>>>>

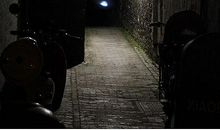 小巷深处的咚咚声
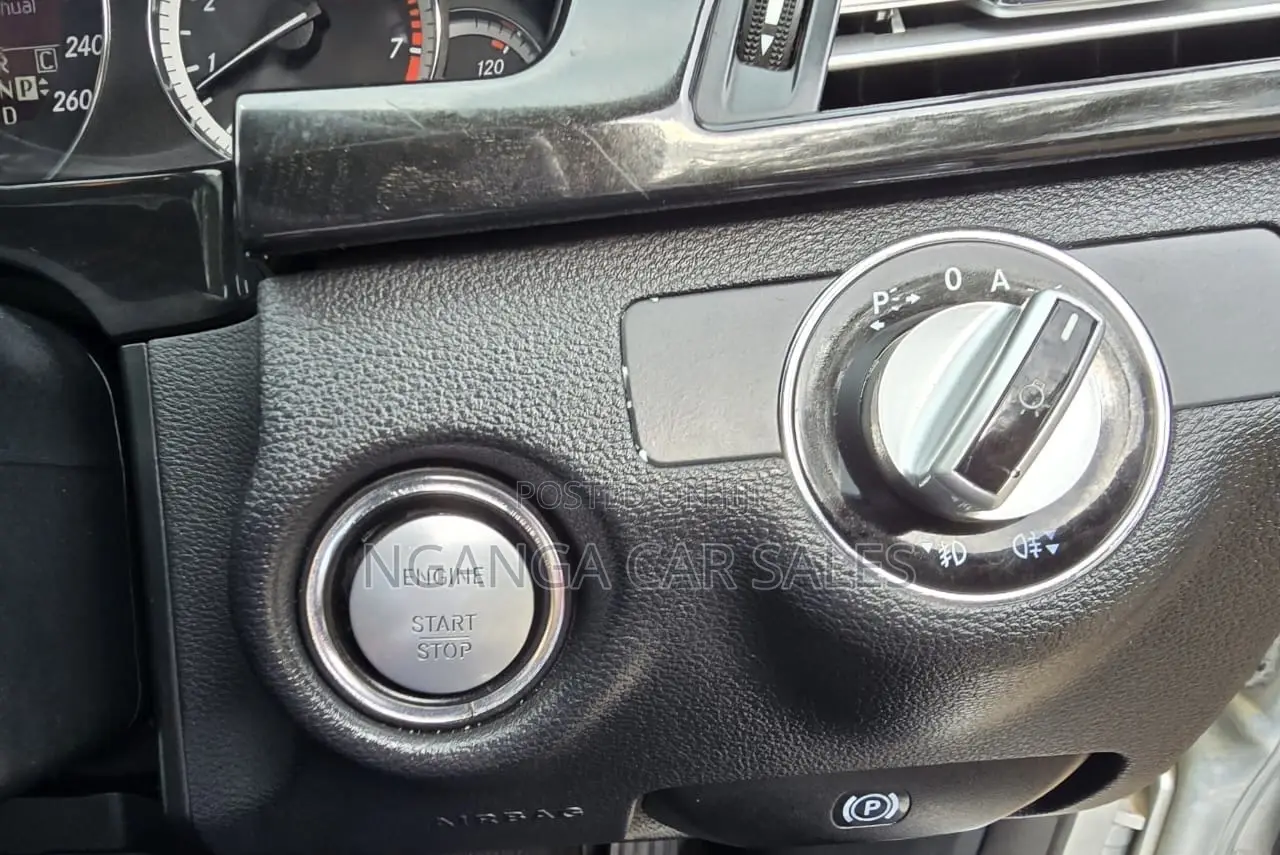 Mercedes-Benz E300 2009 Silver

<<<<
>>>>

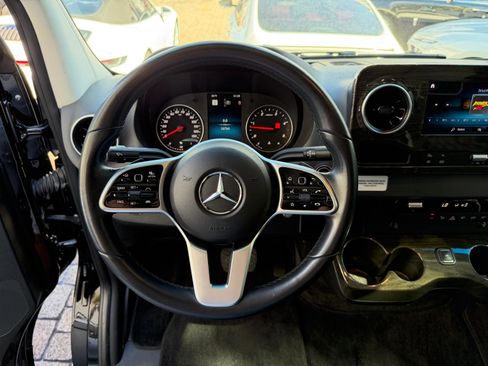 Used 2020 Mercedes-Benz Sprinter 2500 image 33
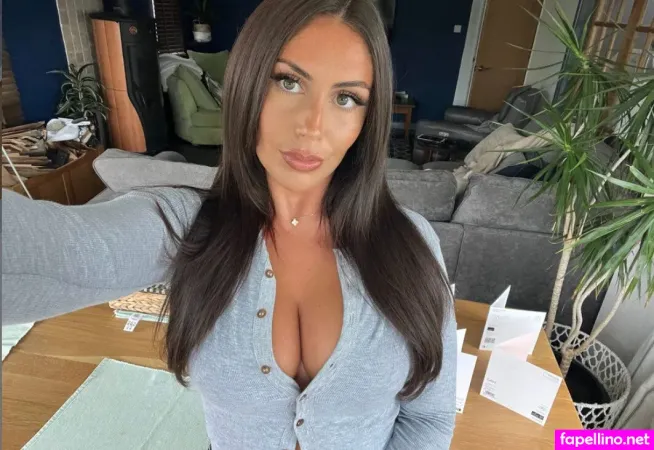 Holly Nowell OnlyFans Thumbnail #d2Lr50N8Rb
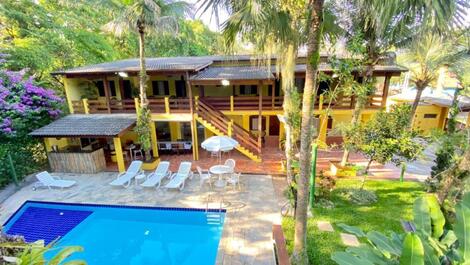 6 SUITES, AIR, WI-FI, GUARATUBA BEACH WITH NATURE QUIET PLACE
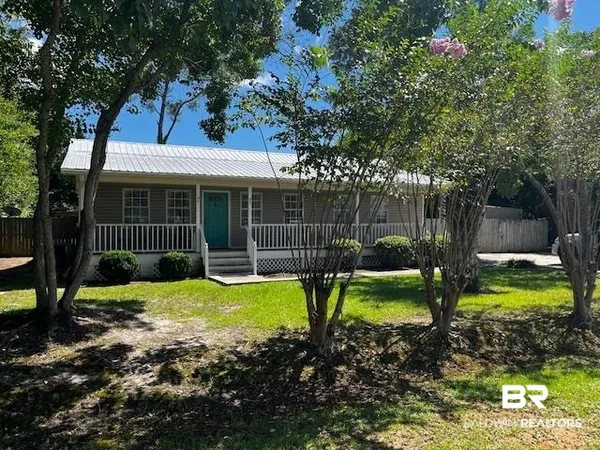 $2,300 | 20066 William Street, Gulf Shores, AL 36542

<<<<

* WORK TO BE COMPLETED *
Copy exactly the part of the material above that opens with the line containing "Holly Nowell OnlyFans Thumbnail #d2Lr50N8Rb" and closes with the line containing "Shores, AL 36542", ends included. Drop the images.

* RESULT *
 Holly Nowell OnlyFans Thumbnail #d2Lr50N8Rb
 6 SUITES, AIR, WI-FI, GUARATUBA BEACH WITH NATURE QUIET PLACE
 $2,300 | 20066 William Street, Gulf Shores, AL 36542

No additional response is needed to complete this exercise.